On Friday Best Buy rejected an offer from company founder Richard Schulze to take the electronics retail giant private. Schulze got the ball rolling last summer when he proposed an informal offer of $24 to $26 per share but according to a source familiar with the matter as reported by Reuters, he was unable to line up the necessary debt and equity financing through private equity sponsors.

During a recent conference call, Best Buy CEO Hubert Joly said Schulze introduced Best Buy to several impressive private equity sponsors that have shown interest in the company but at the end of the day, the cost of the investments were determined to be excessive and dilutive to existing shareholders. As a result, Best Buy decided not to accept the offers.

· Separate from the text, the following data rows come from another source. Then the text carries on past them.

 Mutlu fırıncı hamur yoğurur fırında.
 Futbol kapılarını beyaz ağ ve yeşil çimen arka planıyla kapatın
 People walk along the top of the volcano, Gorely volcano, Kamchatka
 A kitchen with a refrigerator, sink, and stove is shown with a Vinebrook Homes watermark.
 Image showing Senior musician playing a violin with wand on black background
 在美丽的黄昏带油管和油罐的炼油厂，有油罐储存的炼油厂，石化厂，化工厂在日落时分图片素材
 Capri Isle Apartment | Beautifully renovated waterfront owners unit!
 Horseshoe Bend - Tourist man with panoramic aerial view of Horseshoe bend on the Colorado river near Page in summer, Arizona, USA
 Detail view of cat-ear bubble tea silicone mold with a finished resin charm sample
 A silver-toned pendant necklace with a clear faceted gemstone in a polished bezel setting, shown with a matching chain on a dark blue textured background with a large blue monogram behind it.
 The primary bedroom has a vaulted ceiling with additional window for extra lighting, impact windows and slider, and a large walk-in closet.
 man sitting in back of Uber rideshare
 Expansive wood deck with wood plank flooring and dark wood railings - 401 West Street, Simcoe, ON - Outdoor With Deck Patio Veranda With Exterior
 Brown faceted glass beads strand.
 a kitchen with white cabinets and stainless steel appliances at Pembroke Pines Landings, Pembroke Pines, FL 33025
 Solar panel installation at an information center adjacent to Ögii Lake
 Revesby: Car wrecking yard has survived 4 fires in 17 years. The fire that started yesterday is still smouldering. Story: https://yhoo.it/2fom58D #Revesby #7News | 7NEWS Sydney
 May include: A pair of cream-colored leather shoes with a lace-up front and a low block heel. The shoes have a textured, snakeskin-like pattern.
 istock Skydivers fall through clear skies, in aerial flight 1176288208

At one point it is believed that the proposed investment hit $1 billion. We are also hearing that three private equity firms, Cerberus Capital Management LP CBS.UL, TPG Capital TPG.UL and Leonard Green & Partners, were all seeking a seat on the company's board.

The news seemingly ends Schulze's attempt to take Best Buy private and ironically enough, comes on the same day that the company announced better-than-expected quarterly results. One reason for this could be the fact that Best Buy implemented a price matching policy during the holiday buying season to combat showrooming.

For the fourth quarter ending on February 2, the company's loss narrowed to $409 million from $1.82 billion the year before. Revenue was up 0.2 percent to $16.71 billion thanks to renewed momentum in the US.